In theory, this could be done without revealing the seed, using a zero-knowledge proof:  In theory, any operation that can be performed by a computer can have its correct performance proved in zero knowledge.  In practice, I think that running BIP39 (replete with 2048 iterations of PBKDF2-HMAC-SHA512!) and BIP32 inside an arithmetic circuit would be obscenely expensive.  Zero-knowledge proof coins go to great lengths to design protocols that are efficient inside a ZK arithmetic circuit—sometimes even inventing their own cryptographic primitives.  SHA2 functions are bad mojo here.  

In an emergency, for a one-time movement of vulnerable coins, perhaps it may be feasible even to do some expensive operations.

Furthermore, zero-knowledge proofs would allow secure spending of coins from some keypool keys, etc.  It seems impossible to provide any help there:  If the public key has been exposed, then the only secret information can be deduced by an attacker with a large quantum computer.  But if the public key has never been revealed, then you can reduce this to the security of the hash.  Anything that can be reduced to the security of a hash smells good!

Perhaps Greg Maxwell’s later-regretted meme about the safety of not revealing public keys may have some merit, after all.  Racing a quantum attacker to spend your coins is a bad idea, when you need to reveal the public key to spend your coins.  But a ZK proof could let you never reveal the public key!  Prove in zero knowledge that you know a private key, which produces an undisclosed public key, which has the publicly known hash.

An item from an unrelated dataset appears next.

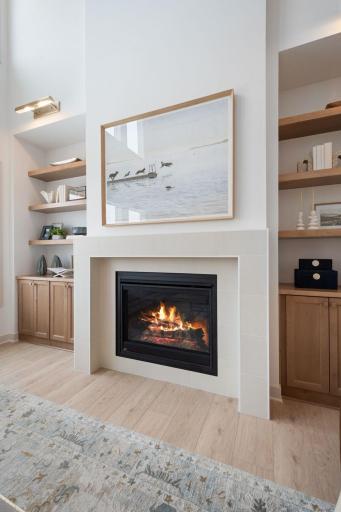 Tile gas fireplace in 2 story vaulted great room with built-ins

Caveat:  I had the idea for how to do this about three seconds ago.  The idea may be broken or infeasible.

And in all of the above, I won’t go beyond handwaving.  We would anyway need to see what the future state of the art is in post-quantum ZK proof systems.  Current systems are a mixed bag.  zk-SNARKs seem to have some limited resistance to some quantum computing attacks, but are probably not useful here; zk-STARKs are fully post-quantum.  This is a hot research area, and the state of the art has advanced very rapidly in the past 9 years.  IMO, as of 2022, zk-SNARKs have only just reached maturity for the current generation of deployed use cases.  Given that PQ crypto is itself a hot research area, I would expect that researchers should be interested in advancing the state of the art for PQ ZK proofs.

On a related note, I have some clever ideas for how at least a little bit of PQ crypto could be kludged into Bitcoin right now—to let people efficiently record in the blockchain a PQ way to claim their coins in this type of scenario.  (There are obviously some inefficient ways to spam the blockchain for this; don’t do it!)  Will not yet discuss:  I usually try to break the security of my own oh-so-clever ideas, before I foist them on others.  If more people did that, there would be less noise on this forum.


Yesterday, I began to write a reply to some of the other above posts re the titular topic of “burner addresses”, i.e. trap addresses.  I need to learn to write terser, less detailed technical posts.